Book Review: Cat’s Cradle

Kurt Vonnegut’s Cat’s Cradle was my third Vonnegut novel after Slaughterhouse-Five and Mother Night. It was published in 1963, a few years before Slaughterhouse-Five was published and Vonnegut became a household name. From a biographical perspective, it was one of his earlier novels that helped to define his style and approach.

Consequently, the book is ridiculous, absurd, amusing, dark, and self-referential as you would expect. It follows a writer who is trying to track down what famous Americans were doing the day of the atomic bombing of Hiroshima. The narrator gets caught up following information about a fictional scientist Felix Hoenikker and his now grown children, and the novel ends up on the fictional Caribbean island nation of San Lorenzo, which is ruled by a stalwart anti-communist and American allied dictator. The islanders are nonetheless uninterested in geopolitics and are instead obsessed with an invented nihilistic religion that everyone apparently follows, despite its official (and ignored) ban, punishable by death.

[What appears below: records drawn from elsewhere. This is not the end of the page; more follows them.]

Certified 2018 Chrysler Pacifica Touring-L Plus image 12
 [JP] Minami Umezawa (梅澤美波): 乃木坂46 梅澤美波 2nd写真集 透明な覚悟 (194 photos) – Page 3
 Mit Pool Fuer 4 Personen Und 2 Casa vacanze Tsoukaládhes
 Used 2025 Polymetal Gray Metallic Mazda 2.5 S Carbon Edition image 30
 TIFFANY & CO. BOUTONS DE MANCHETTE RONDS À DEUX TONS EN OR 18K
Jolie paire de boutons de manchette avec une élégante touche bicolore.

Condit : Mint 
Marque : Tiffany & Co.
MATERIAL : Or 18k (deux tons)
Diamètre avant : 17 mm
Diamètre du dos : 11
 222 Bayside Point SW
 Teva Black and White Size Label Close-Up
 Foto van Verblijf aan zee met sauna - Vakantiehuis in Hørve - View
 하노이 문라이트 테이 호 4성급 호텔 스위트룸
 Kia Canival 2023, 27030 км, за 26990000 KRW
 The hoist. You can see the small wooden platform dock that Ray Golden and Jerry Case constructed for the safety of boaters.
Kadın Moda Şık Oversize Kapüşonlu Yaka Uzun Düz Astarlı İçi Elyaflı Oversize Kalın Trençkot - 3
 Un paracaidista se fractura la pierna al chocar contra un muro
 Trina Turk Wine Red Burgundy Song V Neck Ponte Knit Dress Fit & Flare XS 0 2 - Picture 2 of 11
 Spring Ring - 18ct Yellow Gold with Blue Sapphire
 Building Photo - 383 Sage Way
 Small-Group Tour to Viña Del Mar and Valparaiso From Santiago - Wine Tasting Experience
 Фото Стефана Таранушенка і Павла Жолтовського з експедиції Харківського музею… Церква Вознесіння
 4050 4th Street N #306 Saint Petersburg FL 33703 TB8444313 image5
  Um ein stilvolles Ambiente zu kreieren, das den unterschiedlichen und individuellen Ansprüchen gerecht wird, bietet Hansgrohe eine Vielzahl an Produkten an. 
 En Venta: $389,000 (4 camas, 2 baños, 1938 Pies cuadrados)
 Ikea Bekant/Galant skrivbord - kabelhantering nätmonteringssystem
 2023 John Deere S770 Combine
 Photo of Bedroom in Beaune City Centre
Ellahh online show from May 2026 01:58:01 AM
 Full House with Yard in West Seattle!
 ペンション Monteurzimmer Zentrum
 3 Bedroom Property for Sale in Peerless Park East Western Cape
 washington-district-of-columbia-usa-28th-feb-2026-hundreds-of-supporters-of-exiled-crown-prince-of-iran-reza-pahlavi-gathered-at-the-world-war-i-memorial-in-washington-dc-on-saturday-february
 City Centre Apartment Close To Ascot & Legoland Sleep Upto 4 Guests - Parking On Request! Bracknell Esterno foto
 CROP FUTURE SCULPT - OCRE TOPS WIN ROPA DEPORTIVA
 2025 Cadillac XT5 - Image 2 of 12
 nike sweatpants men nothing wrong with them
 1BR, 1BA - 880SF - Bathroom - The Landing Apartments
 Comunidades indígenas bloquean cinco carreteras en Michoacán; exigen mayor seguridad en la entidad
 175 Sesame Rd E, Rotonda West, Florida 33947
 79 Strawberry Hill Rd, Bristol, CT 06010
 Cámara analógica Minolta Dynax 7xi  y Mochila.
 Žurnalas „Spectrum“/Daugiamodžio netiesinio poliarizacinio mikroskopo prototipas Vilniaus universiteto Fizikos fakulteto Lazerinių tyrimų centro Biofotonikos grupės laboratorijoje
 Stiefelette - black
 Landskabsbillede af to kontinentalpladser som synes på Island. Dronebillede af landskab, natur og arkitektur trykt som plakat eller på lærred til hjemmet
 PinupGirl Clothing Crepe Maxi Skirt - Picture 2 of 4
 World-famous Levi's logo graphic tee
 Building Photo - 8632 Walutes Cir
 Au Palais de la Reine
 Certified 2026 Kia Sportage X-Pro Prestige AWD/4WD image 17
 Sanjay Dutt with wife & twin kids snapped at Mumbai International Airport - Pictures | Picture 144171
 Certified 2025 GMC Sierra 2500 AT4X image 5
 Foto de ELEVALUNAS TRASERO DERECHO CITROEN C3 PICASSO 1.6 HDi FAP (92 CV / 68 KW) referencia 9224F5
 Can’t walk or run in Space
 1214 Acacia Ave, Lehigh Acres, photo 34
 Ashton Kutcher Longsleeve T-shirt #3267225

My thoughts on the book were mixed, but not strong; it’s probably good if you are already a large Vonnegut fan, otherwise, I’d probably opt to skip it. It is funny, in the bizarre Vonnegut way, but the bizarreness sometimes veers too far. I would often find the characters unrelatable. Nonetheless, there are some ideas that I did find historically interesting which I would like to discuss.

Having read Starship Troopers this year as well, these two novels capture the overriding sense of doom in the Cold War that we just don’t have any more. Heinlein’s response to what he saw as this existential and inevitable conflict with the Soviets was to argue for a hardline military response to save civilization.  Vonnegut saw the destruction of the second world war and then the creation of the nuclear bomb and the arms race as a trend in human history towards greater destruction. His response was to write black comedies and satirize the entire ridiculousness that humans were so technically intelligent yet so tribally stupid as to create the gadgets of their own destruction. Given humanity was stupid enough to fight the deadliest war in human history less than 20 years prior, it was inevitable that the next war would come and prove even more horrific. It’s a powerful view and I’m sure made a lot of sense at the time. Cat’s Cradle in this context is fascinating.

Felix Hoenikker is a ridiculous character; he just tinkers and builds without any regard for the consequences of his actions, inventing an ice crystal that will turn any water that touches it into room temperature ice. Its application as a superweapon becomes apparent, but Hoenikker is so short sighted that he leaves it out for his children to find without any thought. In turn, when his children take the ice crystal, they are swindled out of it, allowing both the US and USSR access to it. I found this whole narrative pretty weird and silly, but from Vonnegut’s perspective this “what-are-social-consequences” caricature of the scientists who created the atomic bomb must have been compelling. As a general techno-optimist, I’m not so sure I agree. Trying to stop technology from advancing seems pretty difficult, and had the US not pursued a nuclear program, it seems unlikely that the Soviet Union would also have followed after having captured German scientists.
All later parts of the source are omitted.